Re: Long Continuous proof

$\displaystyle Consider\ SO(2)\subset\ M_{2}(R),\ A\in SO(2) if\ detA = 1. Prove\ that\ SO(2)

is\ a\ closed\ subset\ in\ M_{2}(R)$

there's another part to the question. analysis really is the hardest module. the uni blackboard is really quite a mess of 100s pages just for this module, i just need any help to get me in the right direction thanks :)

Re: Long Continuous proof

Why are you wrapping every thing is [tex] [/tex] ?

**Only put your equations in tex tags, not plain text.**

Re: Long Continuous proof

for me i think it'll be quicker eventually. why does it not read well? any advice for the question though?

Re: Long Continuous proof

Quote:

Originally Posted by

**maxgunn555** why does it not read well? any advice for the question though?

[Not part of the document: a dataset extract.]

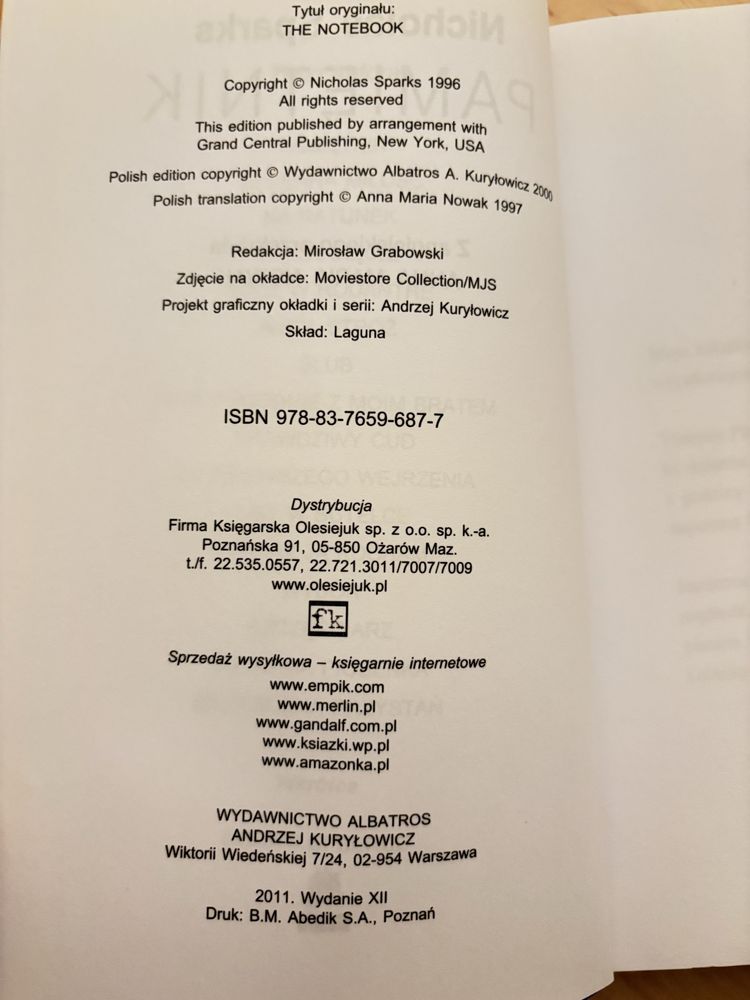 Książka „Pamiętnik” Nicholas Sparks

Well, I for one will bother to read through it.

I started to edit it but gave up.

I doubt many will be willing to deal with it.

Re: Long Continuous proof

yeah you're right, you can't have letters written like they're maths letters its look weird and is quicker not to.

Re: Long Continuous proof

Re: Long Continuous proof

the point is, det is a function from $\displaystyle \mathbb{R}^4\to \mathbb{R}$. you should already know that s(x,y) = x+y is continuous from $\displaystyle \mathbb{R}^2\to \mathbb{R}$, and that p(x,y) = xy is continuous from $\displaystyle \mathbb{R}^2\to \mathbb{R}$.

so det(a,b,c,d) = s(p(a,d),-p(b,c)), which is a composition of continuous maps, yes?